Petersburg, 12. April. Ein kaiserlicher Er­laß verbietet auf das strengste jegliche Darbringung von Geschenken seitens der Unterbeamten an ihre Vorgesetzten und untersagt das willkürliche Begehen von Amtsjubiläen.

Amerika.

Die chilenische Regierung beginnt allmälich nun doch aus dem letzten Loche zu pfeifen. Die Rebellentruppen rücken weiter und weiter vor, ihre Drohungen, zu plündern, veranlassen zahlreiche Ort­schaften, freiwillig die Thore zu öffnen. Der An­fang vom Ende in der Herrschaft des Präsidenten Balmaceda ist definitiv gekommen.

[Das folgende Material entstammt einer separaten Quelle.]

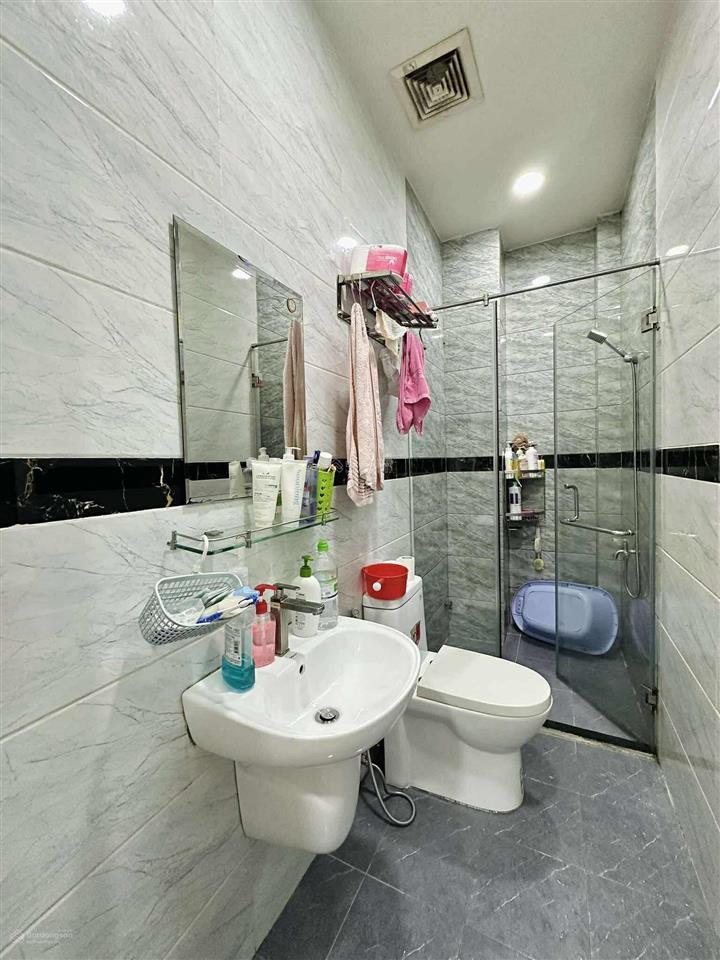 Hoàng hoa thám, phú nhuận  hẻm trước nhà 4m  gần 60m2 (5 x 11) a4  nhà đúc btct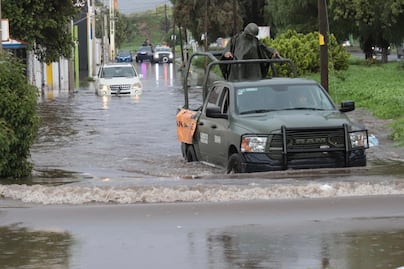 Colector pluvial de C. Doria desbordó al de Tulipanes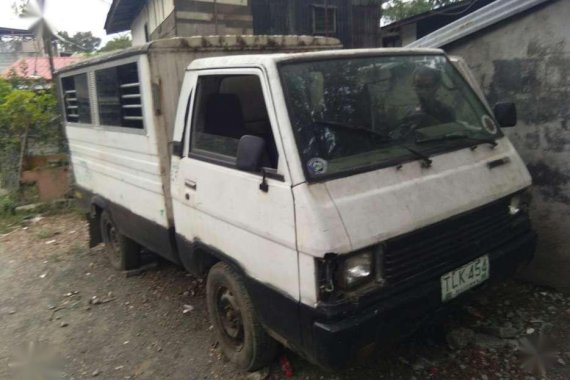 94 MITSUBISHI L300 fb analok 4d56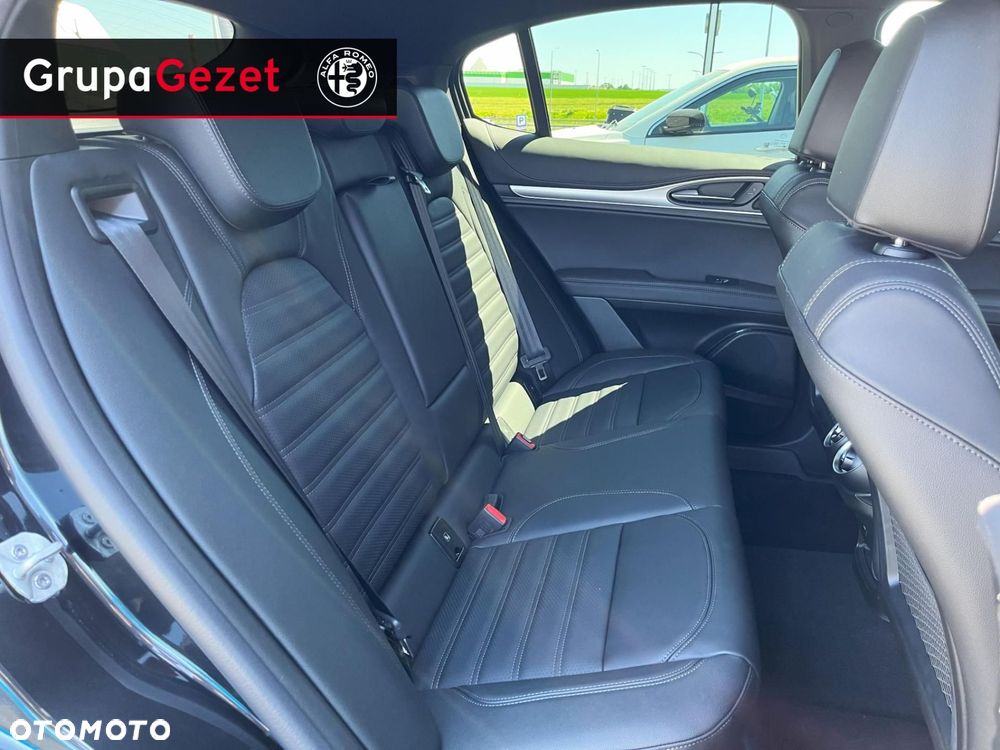 Alfa Romeo Stelvio - 8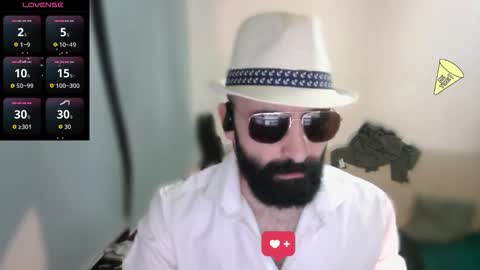 ona nisme online show from 10.26.25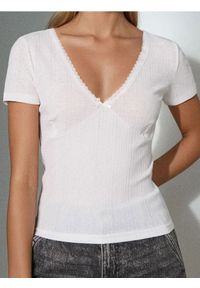 Sinsay - Prążkowana bluzka - kremowy. Kolor: kremowy. Materiał: prążkowany #1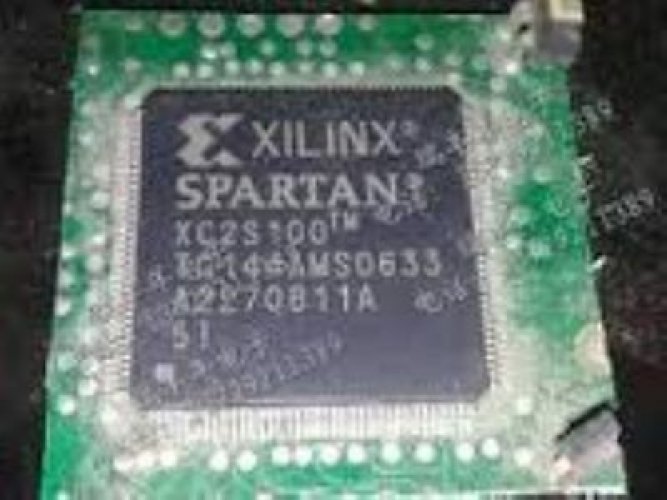 XILINX XC2S100-5TQ144I QFP 100000 SYSTEM GATE 2.5 VOLT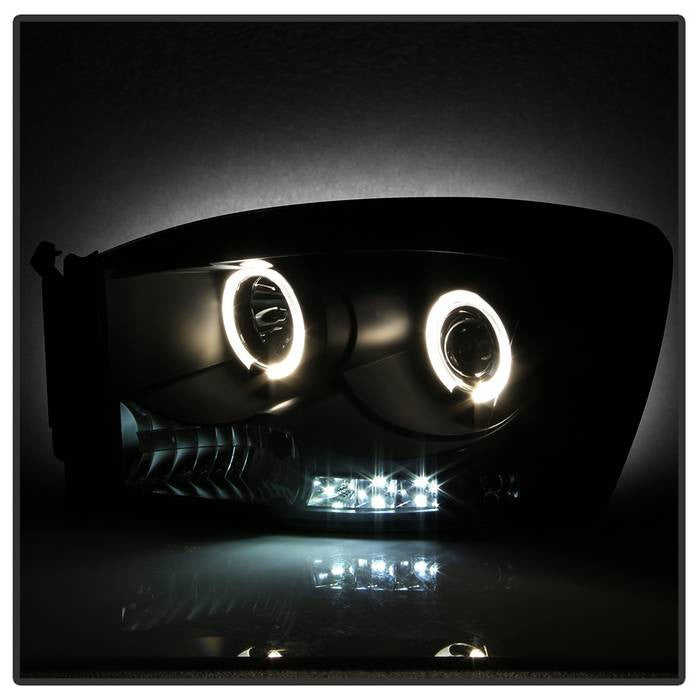 Spyder Dodge Ram 1500 06-08 Ram 2500 3500 06-09 Projector Headlights LED Halo installed Black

Der Bergarbeiterstreik in den Vereinigten Staaten wird fortdauern und voraussichtlich noch an Aus­dehnung gewinnen, da die Bemühungen der Kon­vention der Bergarbeiter, eine Verständigung zwi­schen Arbeitgebern und Arbeitern herbeizuführen, ge­scheitert sind. Es wird befürchtet, daß bis zum I. Mai 75 000 Ausständige vorhanden sein werden. Die Bergarbeiter setzen alles daran, die Einführung des achtstündigen Arbeitstages durchzusetzen, wobei sie von den Arbeitern anderer Industriezweige nach besten Kräften unterstützt werden.

Afrika.

Einer Meldung aus Sansibar gemäß hat der ehemalige Reichskommissar Major v. Wißmann die Erklärung abgegeben, daß er unter den ihm ange­botenen Bedingungen als Kommissar zur Verfügung des kaiserlichen Gouvernements in Ostafrika im Reichs­dienst verbleiben wolle. Bravo!